I have the equation:
$$\ V_t = \int_t^T e^{\int_t^s r_x dx} X_sds $$
I need to take the derivative of this with respect to $t$. This seems like an obvious Leibniz rule problem, but I am unsure how to do this with the integral existing within the integrand.
I have:
$$\frac{d}{dt}V_t=e^{\int_t^T r_x dx} X_T \frac{d}{dt}T - e^{\int_t^t r_x dx} X_t\frac{d}{dt}t+ \int_t^T \frac{\partial}{\partial t}e^{\int_t^s r_x dx} X_sds \\ =0 - X_t+\int_t^T \frac{\partial}{\partial t}e^{\int_t^s r_x dx} X_sds $$
I am pretty shaky on all of this, so this is my best guess and I don't know how to simplify the last integral with the partials.

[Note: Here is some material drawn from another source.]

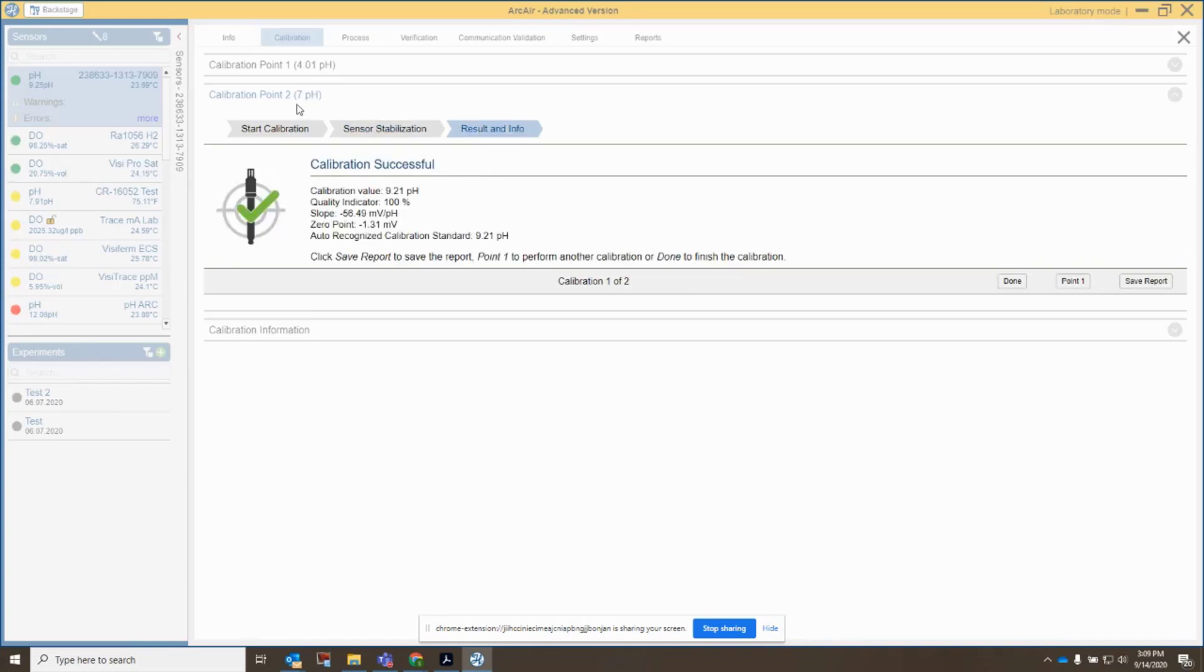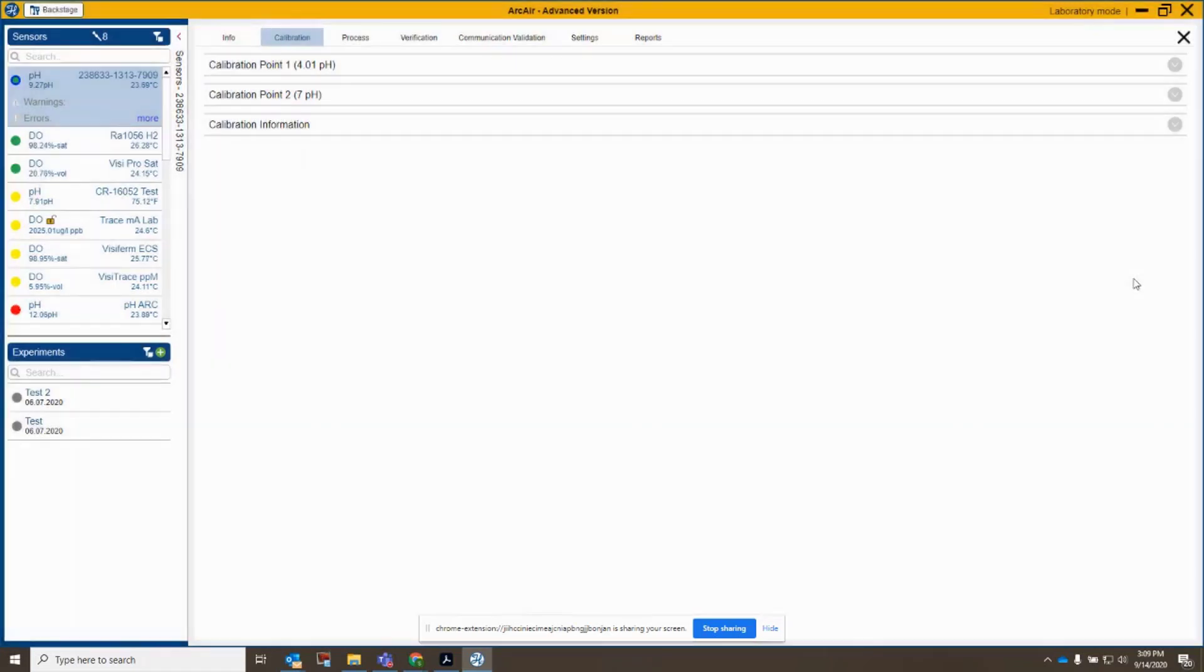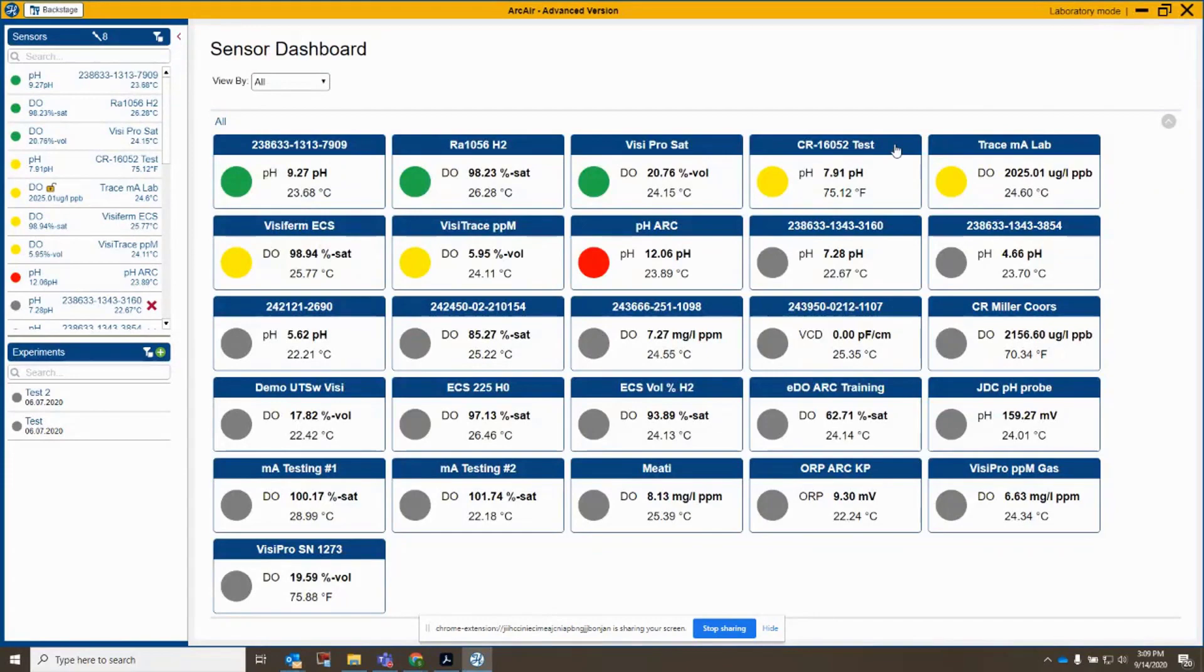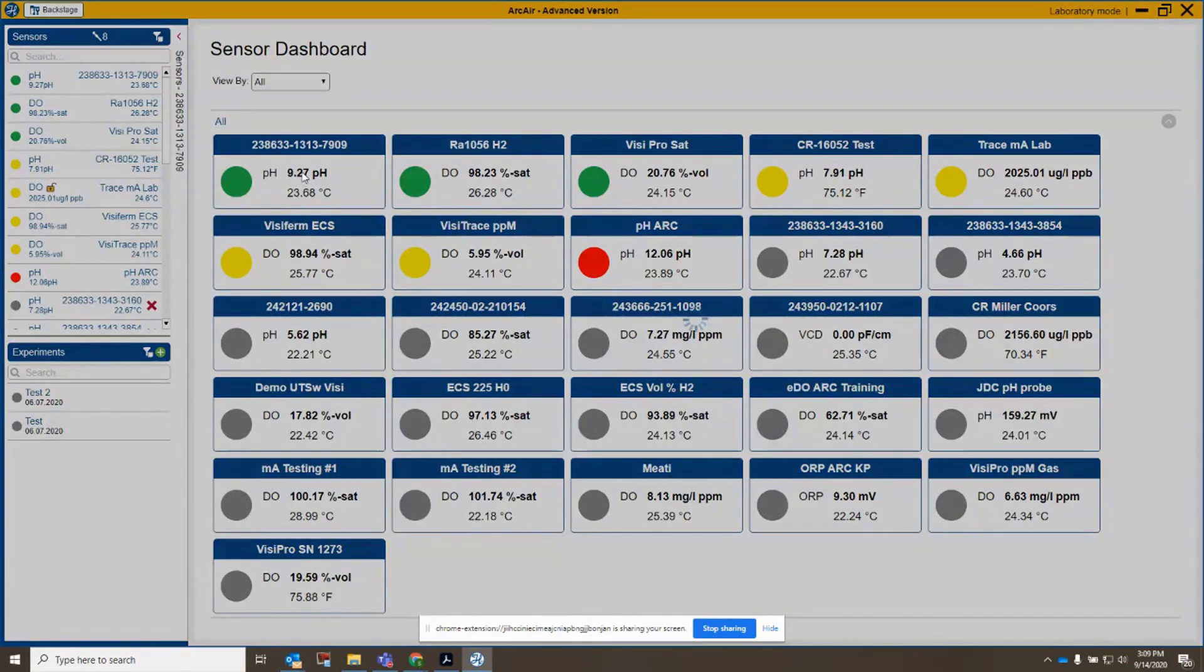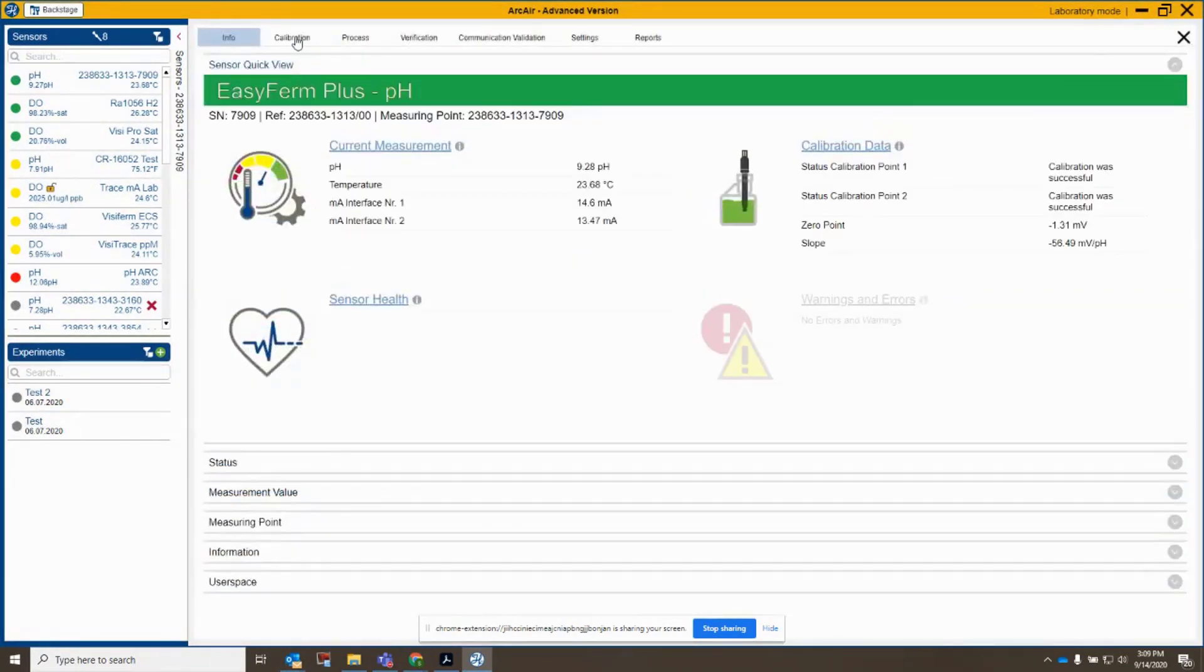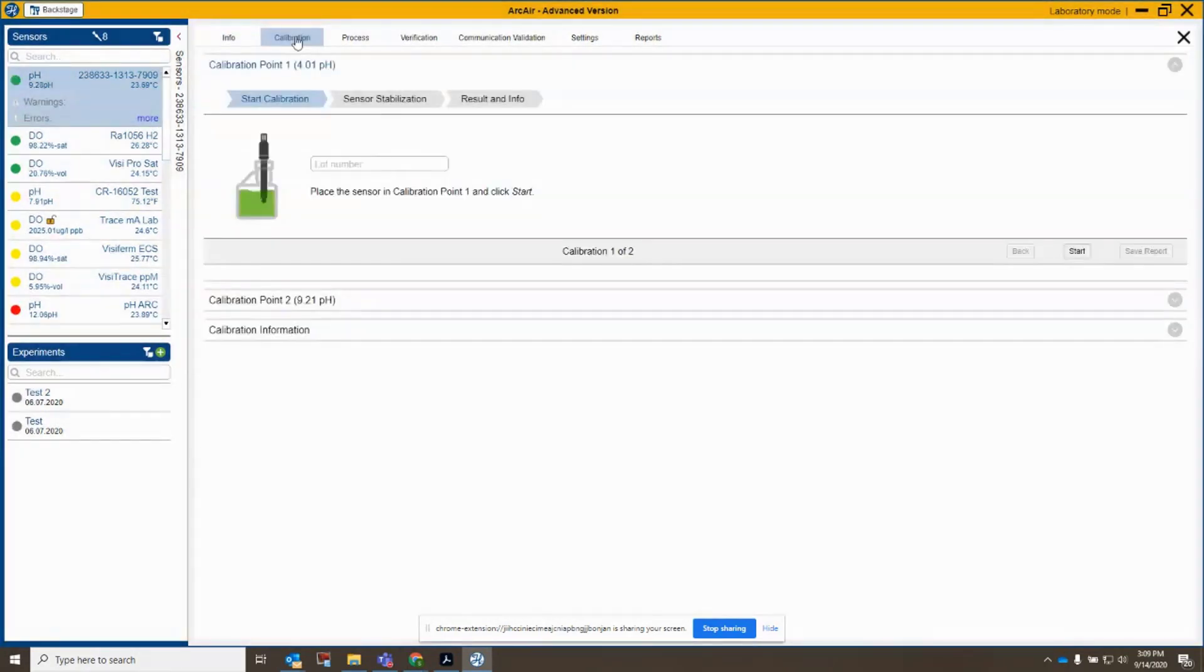And even though it says calibration point 2 at 7 pH, it actually passed at 9.21. It recognized that buffer, and it passed calibration. So if I click save here on my report, and if I go out and come back into my sensor here, it's green, which means everything is good. And I now see it's at 4.01 and 9.21 for my values.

I can definitely provide other info if you need it.
We have
$$\frac{\partial }{\partial t}\left(e^{\int_{t}^{s} r_x dx}X_s\right)=\frac{\partial}{\partial t}\left(\int_{t}^{s}r_xdx\right)e^{\int_{t}^{s} r_x dx}X_s=-r_{t}e^{\int_{t}^{s} r_x dx}X_s$$ and thus
$$\frac{d}{dt}V_t=- X_t+\int_t^T \frac{\partial}{\partial t}e^{\int_t^s r_x dx} X_sds=-X_{t}-r_{t}\int_{t}^{T}e^{\int_{t}^{s}r_xdx}dx=-X_{t}-r_{t}V_{t} $$